Sure, I'm just another Southern Recovering Alcoholic NPR- and Sweet-Tea Addicted Comic Mom with Asperger's in the SFV, but I can tell you now that I don't necessarily fit the stereotype.

Monday, September 20, 2010

Adoption and the Real World

It's so very easy for those of us who have been separated from our natural families by adoption to theorize and publicize and whatever-else-icize our feelings about adoption. It's easy for us to pontificate about how horrid adoption is and how terrible it is to separate children from their families. Sooner or later, however, most of us run into adoption in the real world and there, most of us disconnect from the brave souls that we are on the Internet.

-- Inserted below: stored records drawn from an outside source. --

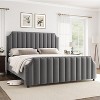 Queen Size Platform Bed Frame with 50.2" Headboard, Velvet Upholstered Bed Frame - 4 of 4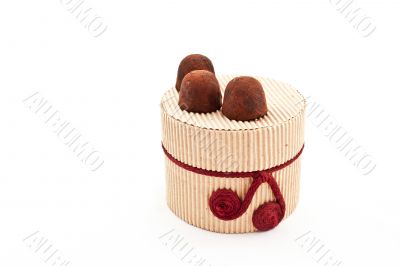 handmade truffles on a gift carton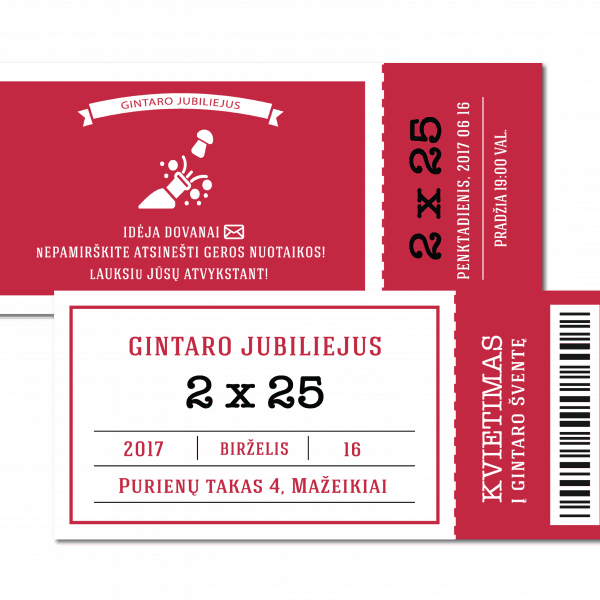 gimtadienio jubiliejaus kvietimai bilietai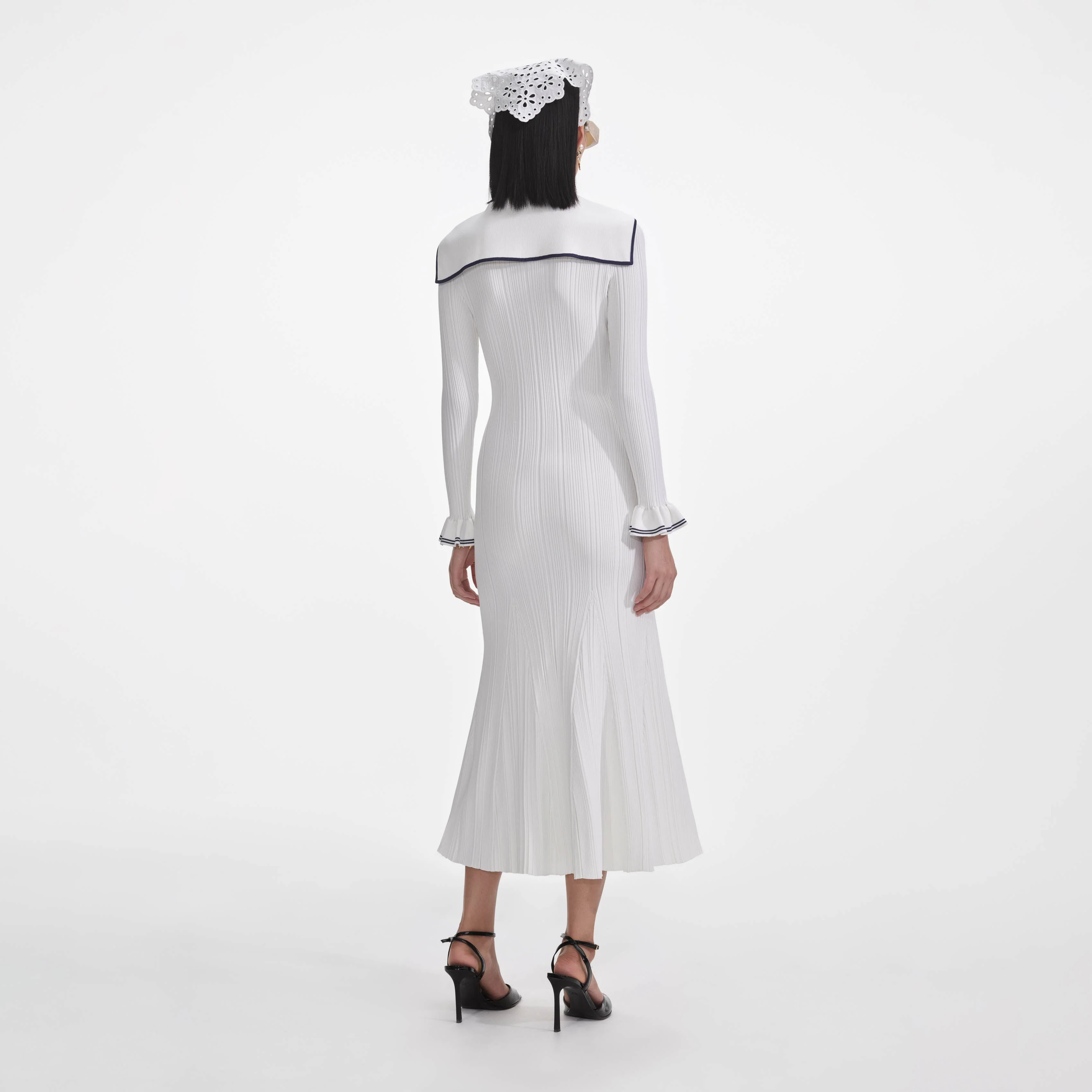 White Viscose Rib Knit Midi Dress - Image 3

Yesterday, that disconnect happened to me. I was talking with someone here in N.C. who also happened to be a Facebook friend and she was holding a baby. We were talking about some stuff from high school and, even though I didn't remember her precisely, I guessed her to be about my age. "Is that your daughter?" I asked, thinking it was so very cool that someone had a daughter when a part of me has not yet given up on having my own daughter. "Yes," she said. "She looks like you," I said, because the child did have the same hair color as the woman holding her. "She's adopted," the woman continued, making a comment about how the child actually looks more like her husband. There I was, in the middle of a church baptizing, dealing with what I was going to say to a woman who felt it was okay to take away a child from her mother. I did the only polite thing I could think to do at the time, "Oh," I said. Then, I left as soon as I could.

It's sometimes more than a little strange being in North Carolina, facing people who know me only as "Beauford's girl" or "Ann's daughter," when the reality is that I am no kin to Ann or Beauford. As much as I dislike California, I really enjoy the freedom I have there to live with the truth. I can talk about my real dad or mom or any other members of my natural family and I can be who I really am, not as the little girl whose natural identity was changed by the horrid Children's Home Society of North Carolina. I have a really strong desire to be in the place where I grew up, to live here and to raise my children here. There is so much comfort in this place. And yet, there are so many people who view me as something I am not: the daughter of Beauford and Ann.

In many ways, with the adoptress I met yesterday, I acted the only way I could in a polite setting. It would have done little good to tell her how I feel about adoption or to explain to her that I was not going along with her little fantasy and that I would not call the child she was holding her daughter. I'm not going to lie. But it felt awfully wonderful to know the truth inside me and to hold that truth, even if I don't openly proclaim it on every street corner. I felt a little more at peace with things yesterday than I did just a few years ago, when I would feel and take on a child's hurt from being separated from the mother.

The truth is that as long as adoption agencies make money, adoption propaganda will prevail and adopters will think of taking another woman's child as something to be desired, as crazy as that sounds to so very many of us. On this blog, I can voice the truth and if and when adopters find it, so be it. In the real world, I will not lie to perpetuate the adoption fantasy. Nope. I just won't do it.

I know that many people look at me here as Beauford and Ann's "daughter," although I have never been and never will be. And I know that some of them have an antagonistic attitude toward my real parents, thinking that I'm being somehow disloyal to Ann and Beauford by acknowledging my natural family. So be it. I know the truth and I am becoming more comfortable with it every day.